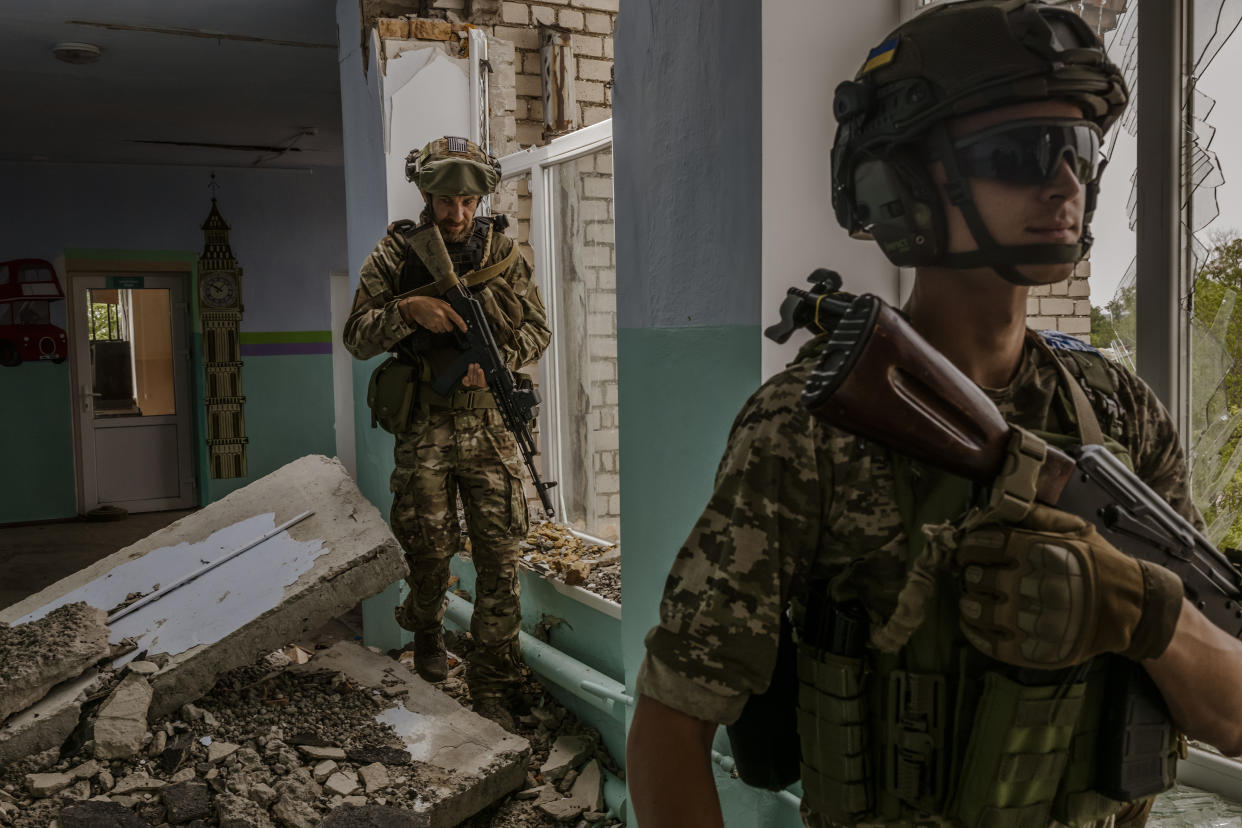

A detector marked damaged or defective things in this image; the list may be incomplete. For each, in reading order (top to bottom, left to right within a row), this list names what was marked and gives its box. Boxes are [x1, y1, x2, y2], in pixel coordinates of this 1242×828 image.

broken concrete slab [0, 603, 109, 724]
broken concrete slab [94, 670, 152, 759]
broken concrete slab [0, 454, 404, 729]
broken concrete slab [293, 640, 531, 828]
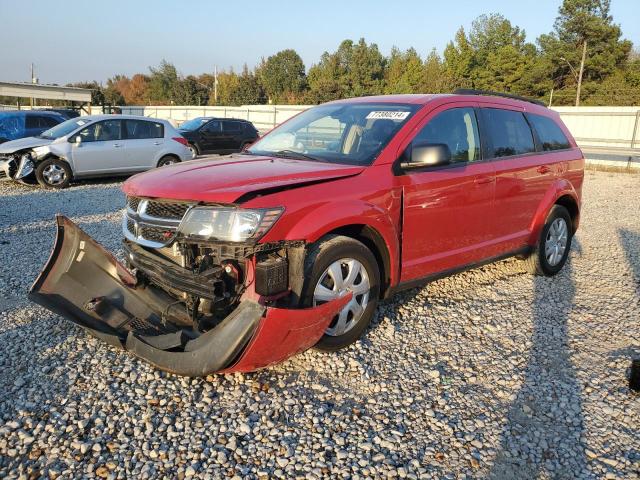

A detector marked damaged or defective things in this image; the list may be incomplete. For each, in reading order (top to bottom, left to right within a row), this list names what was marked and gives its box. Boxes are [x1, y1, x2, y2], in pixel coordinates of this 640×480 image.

★ ★ ★ ★ ★ ★ ★

# WHAT TO PRODUCE
The records above should be returned word for word, with every picture left out.

# RESPONSE AREA
A detector marked damaged or defective things in this image; the list may be incomplete. For each, in reading order (top to bottom, left to right within a row), this list names what was marked and gives its box. Boxes are [x1, y1, x2, y2], in pixel coordinates of this 1242×828 image.

broken concrete slab [0, 603, 109, 724]
broken concrete slab [94, 670, 152, 759]
broken concrete slab [0, 454, 404, 729]
broken concrete slab [293, 640, 531, 828]

A detector marked damaged or defective things in this image; the list may be incomplete. For each, in reading order (top to bottom, left to right within a row), this list names what was marked and gives its box. Boxes are [x1, y1, x2, y2], in pixel coordinates of this 640×480 image.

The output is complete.